So I didn’t
get the job with the glacier guiding company at Franz, though the manager there
very kindly sent out an email to a few affiliated tourism companies recommending
me as an employee. I left the West
Coast the next day, heading north to see what sort of work I might be able to
find in a warmer and drier climate than Franz.
I spent the
worst bus ride ever going up from Franz Josef to Nelson – I felt slightly carsick
for most of the time, and the driver was on the microphone frequently to talk
about food – mostly, the various food options at the huge number of lengthy
rest breaks we made while driving up to Nelson. The scenery was nice, but I was in no
condition for appreciating it – the road appeared mostly as a lot of two-lane
switchbacks, with the lane so close to the side of the hill that all I could
see from my vantage point was a blurred succession of ferns whipping past the
window at various rollercoaster angles.
I think it would have been a great road to drive on myself – scenic, and
with very few other cars on the road – but it wasn’t a good pick for a
bus. I’m going to try and not do such
lengthy travel days in the future, if I can at all avoid it.
During one
of the rest breaks, I fell in love with an Australian possum being kept at a
roadside tourist attraction. The place
was called the Bushman’s Center, and appeared to be a tiny bastion of Australia-ness
nestled into New Zealand’s west coast. Out of the approximately forty people on
buses who were at the Center, I was the only one who paid my four dollars to go
in the back and see their animals – four possums, and some deer and goats. Three of the possums were soundly asleep in
their little hidey holes – but the fourth was awake, and seemed very interested
in what I was doing. These possums
reminded me more of lemurs than of the possums we have back home. Their tails are furry, for one thing, and
their eyes are really big and cute. Possum
fur garments are a big seller in New Zealand – possums are an invasive species here, so they
seem to be an animal that everyone loves to hate – and subsequently trap, skin,
and make into souvenir kitsch gifts.
This
particular possum seemed so tame that I did something I would never encourage
anyone ever to do, and put my fingers up to the bars of his enclosure. He gave my fingers a perfunctory licking,
and continued to stare at me with his big, soft possum eyes. Eventually I figured out why he was being so
attentive: there was a bucket mounted on the opposite wall that read ‘Possum
Food’. The food turned out to be a
handful of stale Chex breakfast cereal.
(I hope that whatever his owners feed him is healthier than that. At least give him some Wheaties, or
whole-grain Cheerios…) I fed him a few
Chex bits anyway, and he licked my fingers some more. I offered to take the possum away with me; I
would get a job waiting tables in some seaside town and feed him all of the
Chex breakfast cereal he could eat. The
possum declined - he was a carnivorous invasive species, and I was a vegetarian
bird-watcher. It would have been a
torrid affair.
Later on,
the bus stopped at Punakaiki, at a place called pancake rocks, which is a bunch
of stacked limestone pilings, with an ocean blowhole, and a small (but vocal)

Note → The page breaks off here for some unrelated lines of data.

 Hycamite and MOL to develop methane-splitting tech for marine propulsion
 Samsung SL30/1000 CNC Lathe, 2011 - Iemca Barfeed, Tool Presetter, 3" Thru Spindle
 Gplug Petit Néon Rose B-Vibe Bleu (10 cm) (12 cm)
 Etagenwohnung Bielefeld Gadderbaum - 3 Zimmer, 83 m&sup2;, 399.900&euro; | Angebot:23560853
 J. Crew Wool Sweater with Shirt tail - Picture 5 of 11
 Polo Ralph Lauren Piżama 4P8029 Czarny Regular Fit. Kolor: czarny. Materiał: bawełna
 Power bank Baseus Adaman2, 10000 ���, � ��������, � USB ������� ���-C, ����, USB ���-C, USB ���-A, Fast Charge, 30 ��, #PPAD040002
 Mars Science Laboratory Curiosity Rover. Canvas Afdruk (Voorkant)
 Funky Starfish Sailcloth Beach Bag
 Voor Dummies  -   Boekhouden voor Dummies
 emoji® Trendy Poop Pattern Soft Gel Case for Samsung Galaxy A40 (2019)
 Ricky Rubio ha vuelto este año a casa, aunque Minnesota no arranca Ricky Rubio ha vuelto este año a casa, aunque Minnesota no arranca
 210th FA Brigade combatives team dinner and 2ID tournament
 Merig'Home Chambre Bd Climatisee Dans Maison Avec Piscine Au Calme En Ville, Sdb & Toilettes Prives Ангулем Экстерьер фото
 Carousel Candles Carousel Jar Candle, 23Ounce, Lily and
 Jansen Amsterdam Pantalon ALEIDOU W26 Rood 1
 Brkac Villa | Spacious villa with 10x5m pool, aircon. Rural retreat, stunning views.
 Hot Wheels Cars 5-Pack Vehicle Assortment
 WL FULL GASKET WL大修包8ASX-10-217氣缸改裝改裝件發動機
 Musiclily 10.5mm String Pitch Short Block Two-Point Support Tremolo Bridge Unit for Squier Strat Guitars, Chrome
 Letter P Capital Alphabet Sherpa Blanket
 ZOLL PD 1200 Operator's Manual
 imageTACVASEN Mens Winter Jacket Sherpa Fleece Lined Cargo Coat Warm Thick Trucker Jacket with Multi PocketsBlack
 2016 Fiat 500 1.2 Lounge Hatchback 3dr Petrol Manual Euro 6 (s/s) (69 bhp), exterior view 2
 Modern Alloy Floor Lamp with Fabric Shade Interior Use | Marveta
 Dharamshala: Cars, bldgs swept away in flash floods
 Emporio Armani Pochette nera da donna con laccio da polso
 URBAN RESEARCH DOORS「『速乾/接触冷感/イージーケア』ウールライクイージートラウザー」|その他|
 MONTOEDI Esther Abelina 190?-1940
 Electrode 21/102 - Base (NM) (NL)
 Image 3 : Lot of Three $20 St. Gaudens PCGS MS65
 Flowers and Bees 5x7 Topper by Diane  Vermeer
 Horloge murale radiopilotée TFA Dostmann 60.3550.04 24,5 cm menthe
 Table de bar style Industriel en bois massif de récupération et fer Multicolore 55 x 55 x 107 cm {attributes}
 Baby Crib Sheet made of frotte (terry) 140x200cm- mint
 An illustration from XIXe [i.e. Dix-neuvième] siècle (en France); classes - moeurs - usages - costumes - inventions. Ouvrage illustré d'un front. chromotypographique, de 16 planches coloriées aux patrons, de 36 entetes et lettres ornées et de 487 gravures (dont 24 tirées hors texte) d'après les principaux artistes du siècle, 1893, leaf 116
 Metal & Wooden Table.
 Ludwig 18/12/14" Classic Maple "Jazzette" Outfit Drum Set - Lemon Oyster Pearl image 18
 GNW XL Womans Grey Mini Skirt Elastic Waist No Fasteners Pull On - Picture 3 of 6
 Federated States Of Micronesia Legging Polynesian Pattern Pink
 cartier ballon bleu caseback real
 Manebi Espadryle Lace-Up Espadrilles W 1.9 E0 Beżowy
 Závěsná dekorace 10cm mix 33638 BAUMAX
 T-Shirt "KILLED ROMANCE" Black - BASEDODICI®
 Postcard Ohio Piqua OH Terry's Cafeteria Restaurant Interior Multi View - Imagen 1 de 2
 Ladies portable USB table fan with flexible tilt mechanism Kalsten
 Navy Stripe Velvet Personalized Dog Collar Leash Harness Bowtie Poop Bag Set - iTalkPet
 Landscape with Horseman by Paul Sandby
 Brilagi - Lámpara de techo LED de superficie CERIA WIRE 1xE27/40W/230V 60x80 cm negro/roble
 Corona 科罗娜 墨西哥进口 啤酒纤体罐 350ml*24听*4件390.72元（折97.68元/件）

colony of white-fronted terns. The
ocean blowhole wasn’t blowing (it was past high tide, so the water wasn’t high
enough) but the weather was beautiful (it was actually clear blue skies from
Franz Josef all the way up the coast), and it was really nice to get out of the
bus, see some birds, and take a little walk.
Punakaiki looks like it could be a nice beach town – but I’m not sure
that there is a town component to Punakaiki at all. At the place we stopped, there was a car
park, two cafes, a gift shop, the pancake rocks, and an information center
about the pancake rocks. I am hoping
that somewhere around Punakaiki there is actually a town, but I’m not totally
sure that there is.
Nelson was
great, once I actually got there. The
hostel I stayed at was called Accents on the Park, and it is, as Lonely Planet
described, more like a hotel than a hostel.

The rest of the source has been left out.